On-chip BUS [Part 1] | TickLab

When designing a System-on-Chip (SoC), connecting components such as the processor, memory, and peripherals (e.g., UART, I2C, SPI) is a critical challenge. In this article, I will introduce how these components communicate with each other through an On-chip BUS, as well as explain why the bus architecture is significant and designed the way it is. We’ll start with basic concepts, move on to memory organization, and explore how the processor interacts with multiple peripherals using the Memory-Mapped I/O mechanism.

Overview

1. General Structure of an SoC

A System-on-Chip typically consists of three main components:

Processor: The central element of the system, responsible for controlling and processing data. The processor can communicate with both input components and output components.
Memory: Used to store programs and temporary data. This can include RAM, ROM, or cache memory integrated within the processor.
I/O Components (Peripherals): These are components that interface with the external world, such as UART, I2C, SPI, GPIO, etc., enabling the SoC to exchange data with external devices.

The figure below illustrates the Von Neumann architecture, where these three components are interconnected via a communication BUS.

Von Neumann Architecture

2. Role of the Bus in the System

The BUS serves as the component that connects all elements to the processor and facilitates the transfer of data packets between them. Modern buses often adhere to standard protocols such as AXI, AHB, APB (part of the AMBA standard), Whisbone, Avalon, and others.
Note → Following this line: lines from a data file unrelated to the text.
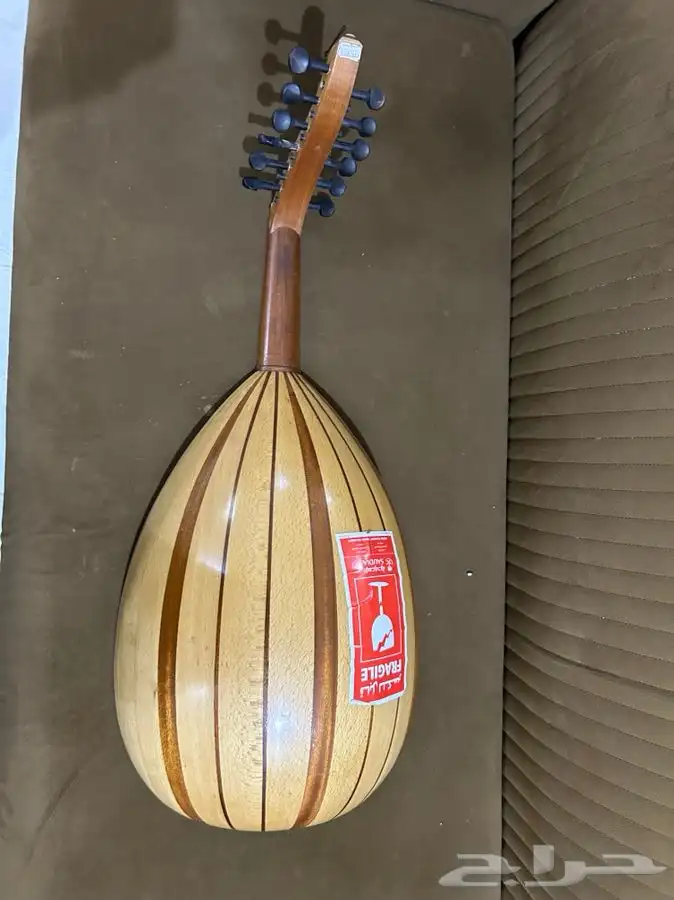 عود مصري 1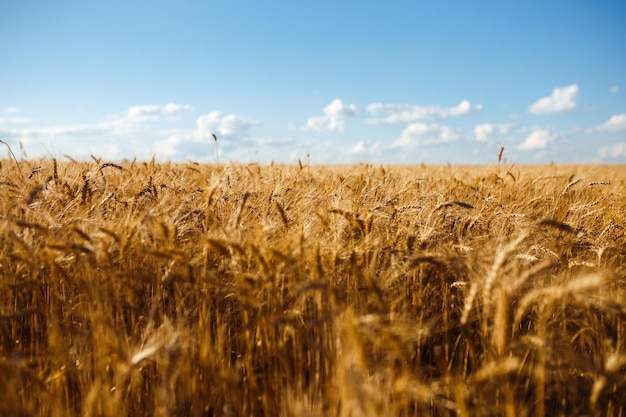 Close-up natuurfoto Idee van rijke oogst Verbazingwekkende achtergrond van rijpende oren van geel tarweveld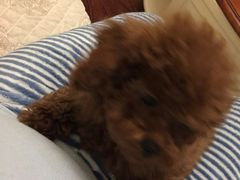 -惠康宠物医院(华能路店)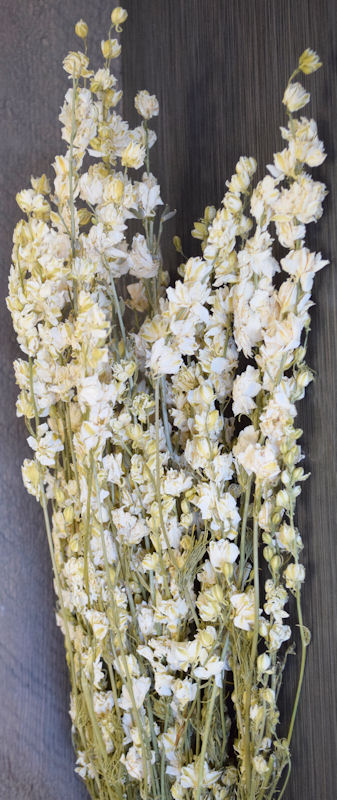 Dried White Larkspur Flowers For Sale - White Dried delphinium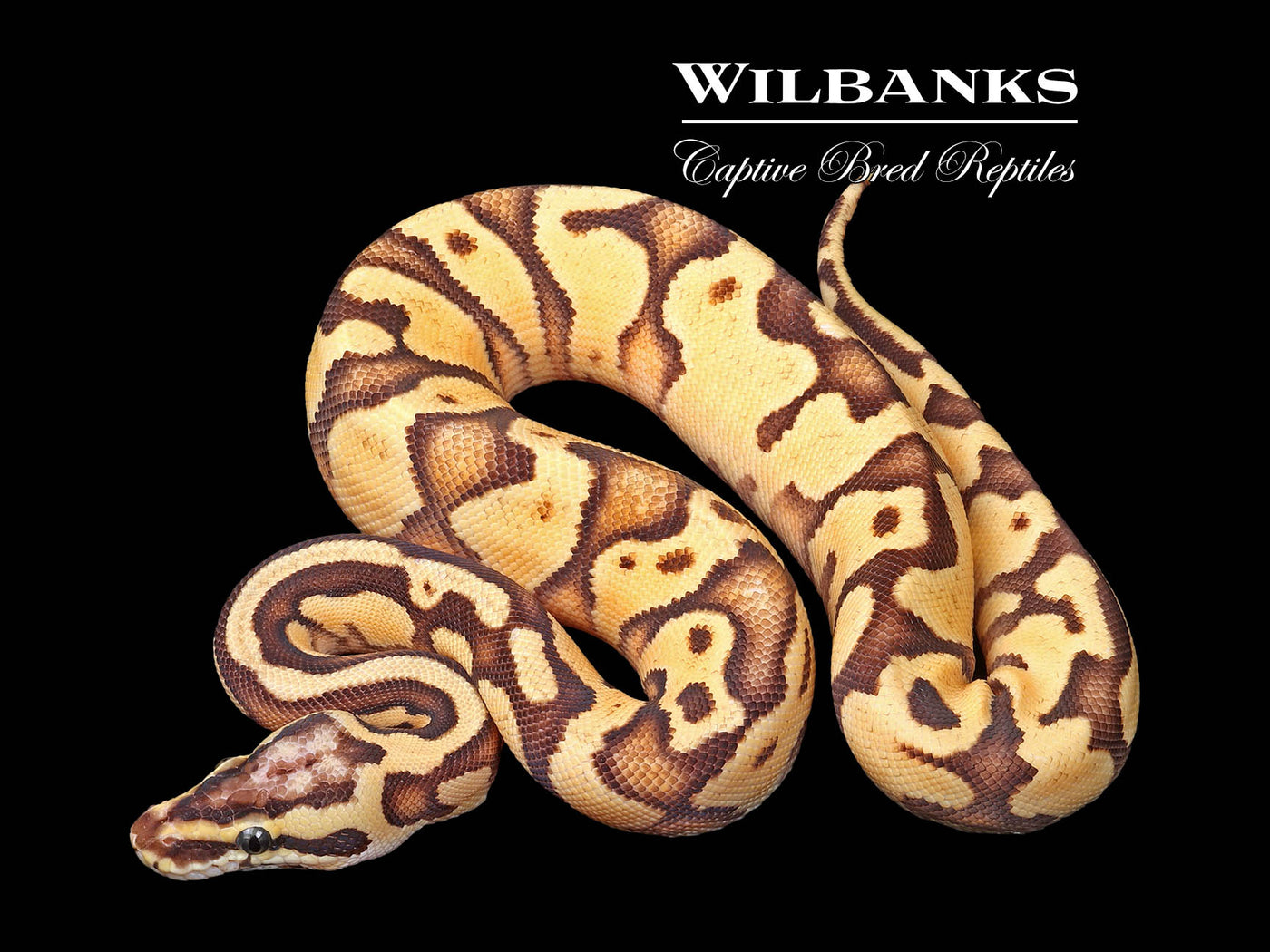 Pastel Enchi Yellow Belly or Asphalt Ball Python ♂ '24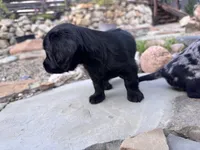 Ash, a female Cavapoo and Dachshund for sale in Conneautville, PA – 3 of 4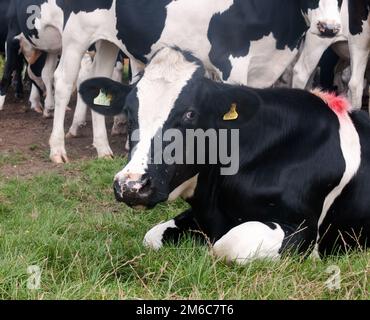 Die Rindersteaks stehen dicht vor der schwarz-weißen Kuh Stockfoto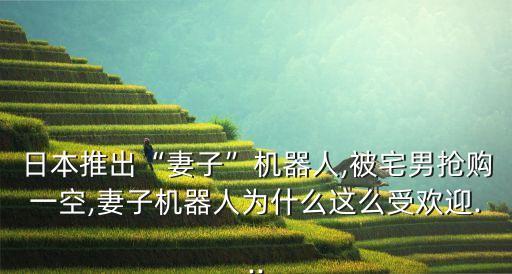 日本推出“妻子”機(jī)器人,被宅男搶購一空,妻子機(jī)器人為什么這么受歡迎...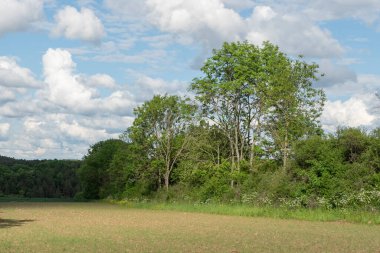 Yaz zamanı manzara.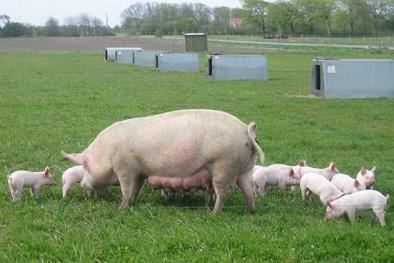 Phòng bệnh cho lợn bằng vắc xin theo tiêu chuẩn: Giải pháp thiết yếu bảo vệ vật nuôi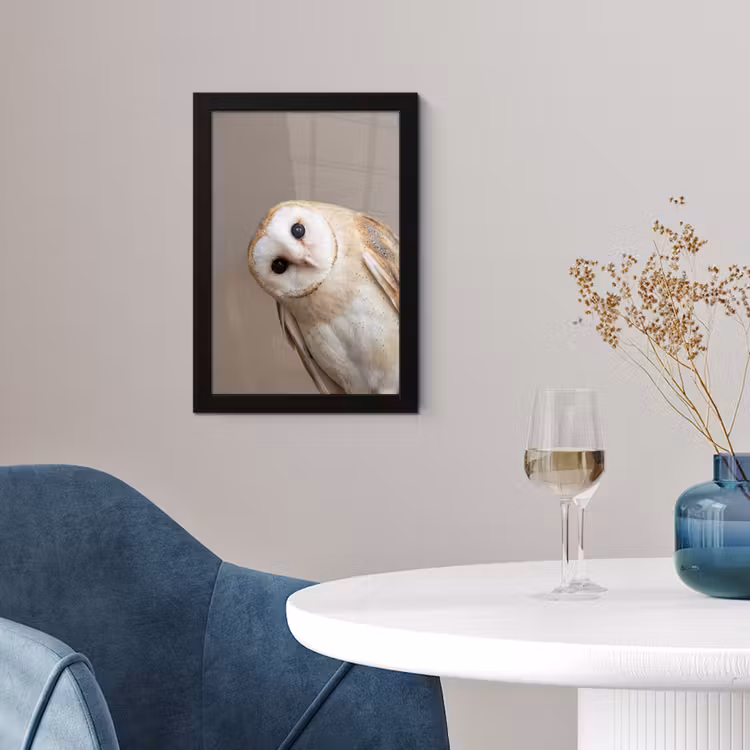 Poster met lijst - Uil - Bruin - Wit — 4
In this discussion of On Chip Bus, I’ll cover the core ideas behind most standard on-chip bus designs today and explain why they are structured as they are.

Foundation

1. Interface

If you’ve studied computer architecture or examined the design of a general-purpose processor, you’ll notice that its interface isn’t directly connected to input or output components (as shown in the figure below).

Simplified Illustration of a MIPS Processor Architecture

So, in your opinion, when an SoC integrates input and output components, does the processor need to incorporate multiple different interfaces to connect to these components?

(Take a moment to consider the best answer before reading on.)

a. Approach 1:

If your answer is “Yes,” you’ll encounter two key challenges:

Problem 1: Each input or output component has unique characteristics, meaning that when designing peripherals for integration into the system, the interfaces connecting to the processor may differ.
For example, let’s compare two peripheral protocols: a UART (TX) peripheral and an I2C (Master) peripheral.
- A UART frame requires only one data field:
  
  Thus, when designing a UART (TX) peripheral, its interface only needs one field for the processor to send TX data to the peripheral:
- In contrast, an I2C frame requires 2-3 data fields: a Slave Address frame and Data Frame 1/2 (as shown below):
  
  Therefore, the interface for an I2C peripheral needs three fields for the processor to send the Address frame and Data frames to the peripheral:
  
  → This increases the complexity of the processor’s interface because each I/O component has distinct characteristics. And that’s before considering the second problem below.
Problem 2: If an SoC includes 10-15 input and output components, would we need to add 10-15 corresponding interfaces to the processor?
⇒ If the answer is “Yes,” then integrating a new peripheral would require redesigning the entire processor, significantly increasing complexity.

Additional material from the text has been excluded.